The pattern I would advocate for is that one queries the spatial index (e.g., octree) to look up the rows to fetch from the table for rendering. The table can be chunked along the rows, so this will allow points to be loaded lazily. Of course, the performance will depending on your chunking and the ordering of your table.

What do you think @oeway , does this sound reasonable?

oeway commented 2 years ago

Hey,

@joshmoore Would it make sense to consider the spatial partitioning information as some sort of annotation to the x,y,z columns?

@kevinyamauchi Good to see you here too! Yes, I think it does! It will be certainly useful for the use case I am targeting (i.e. SMLM data), I can also see it will be super useful to store massive scatter plots, e.g. generated from scRNA-seq.

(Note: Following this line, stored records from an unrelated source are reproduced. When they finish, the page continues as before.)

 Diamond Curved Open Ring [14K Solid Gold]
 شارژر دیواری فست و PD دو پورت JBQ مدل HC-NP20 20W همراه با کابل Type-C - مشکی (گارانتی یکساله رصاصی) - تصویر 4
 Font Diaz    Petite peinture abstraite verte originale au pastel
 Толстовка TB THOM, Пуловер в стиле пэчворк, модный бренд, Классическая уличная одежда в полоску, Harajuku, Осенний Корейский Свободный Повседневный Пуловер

I just did a quick read in your existing PR. In practice, if we do want to support octree (that's the one mostly used for displaying LiDAR sensory data and has been proven to work with enven trillions of points for browser-based visualization), would it mean we just add additional tables to var? I would be happy to work with any of you to make a data loader to bridge with the potree viewer (the one I am using now).

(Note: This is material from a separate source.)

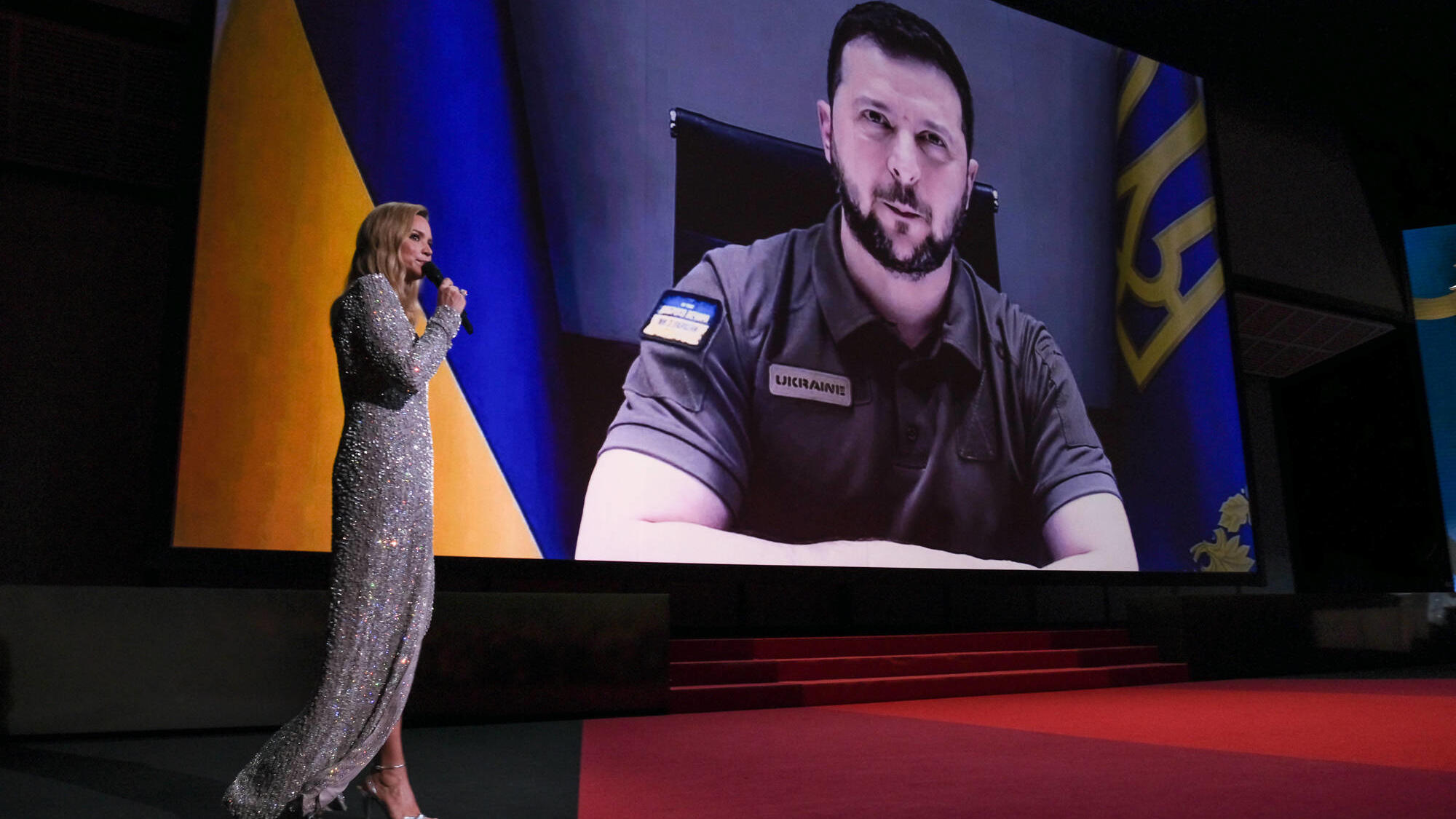 Wolodymyr Selenskyj wurde bei der Eröffnung der 75. Internationalen Filmfestspiele von Cannes zugeschaltet.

ivirshup commented 2 years ago

Would it make sense to consider the spatial partitioning information as some sort of annotation to the x,y,z columns?

I think it might make sense to consider spatial indexing as a property of the coordinate array. Especially if you have the same points represented in different coordinate spaces (e.g. slide by itself, slide aligned in stack).